Home / Definitions / Lateral Movement

Lateral Movement

Jenna Phipps
Last Updated May 24, 2021 8:02 am

Lateral movement, or lateral traffic, is a network attacker’s progression through the network once they have breached it. Lateral movement is also known as east-west traffic, indicating horizontal progression through an already-breached network, and contrasts with north-south traffic, or first entering the network. Lateral movement is challenging for organizations to track because once an attacker has entered a network, their traffic appears normal. It’s hard to distinguish between an attacker and authorized users because they’ve already gained access.

Reasons for lateral movement

Attackers can gain initial access to a network using:

  • Employee devices, particularly in the Internet of Things. IoT devices have fewer security protocols than smartphones and computers. If an attacker accesses an IoT device that connects to the company network, they may then be able to thread their way into the network.
  • Company email. Social engineering heavily relies on fraudulent emails, which might ask an employee for their credentials or include malware. Once the attacker has that information, they can proceed into the network as a trusted user.
  • Malicious software installed on a company computer: if an attacker convinces an employee to click a link, malware could install on that computer and then give the attacker a pathway into the network.

Traditional network security doesn’t handle lateral movement well because it doesn’t have good methods of protecting the inside of the private network. Everyone who is allowed through the firewall at the perimeter can then meander through the network at their leisure. This also makes it harder for organizations to find a threat once it’s inside, especially if the attacker has stolen an employee’s credentials. Sorting through all of the data both manually and efficiently is impossible for most IT teams.

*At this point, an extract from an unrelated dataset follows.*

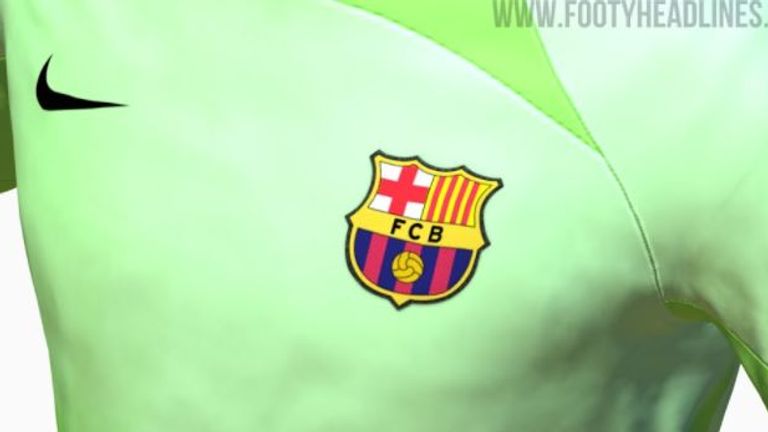 So soll das Torwart-Trikot des FC Barcelona in der Saison 2022/23 aussehen. (Quelle: https://www.footyheadlines.com/)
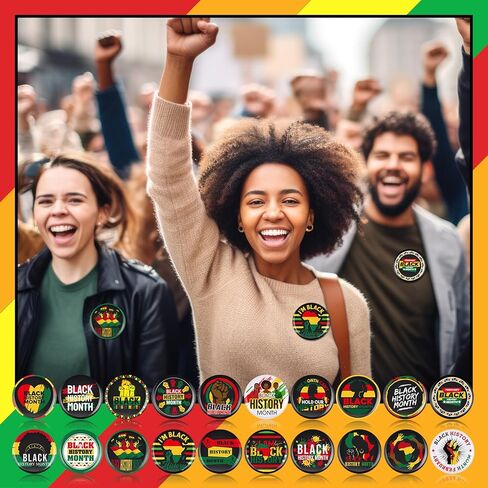 400 Pcs Black History Month Buttons Black History Badge Pins Bulk Badge Pins Gifts for Decorations Holiday Party Supplies American Button for Bag Hat Clothes in Saudi Arabia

Combatting lateral movement with XDR

In traditional network security solutions, separate software and systems are not centralized: they’re siloed. It’s more difficult for a business to manage its network security when multiple applications are analyzing data. A centralized threat detection and response solution that can analyze all the data and notice patterns is a better way to monitor a network.

Extended detection and response (XDR) is one of the best choices for large organizations because it removes the silos between security solutions. XDR monitors all the data from applications and servers. An XDR solution includes automation, which saves IT and engineering teams time.

Some XDR solutions implement machine learning, which studies patterns in data and eventually learns to notice anomalies and prioritize alerts to technology teams, similar to user and entity behavior analytics (UEBA). If trained sufficiently, machines can interpret words and also their context to better understand a situation. If a certain computer, account, or server behaves unusually, a good network detection and response solution will notice that and take proactive measures to find the cause. XDR does not just detect threats but also tracks them and addresses them quickly.

Zero trust and microsegmentation are other technologies designed to limit access in event of a breach or stolen credentials.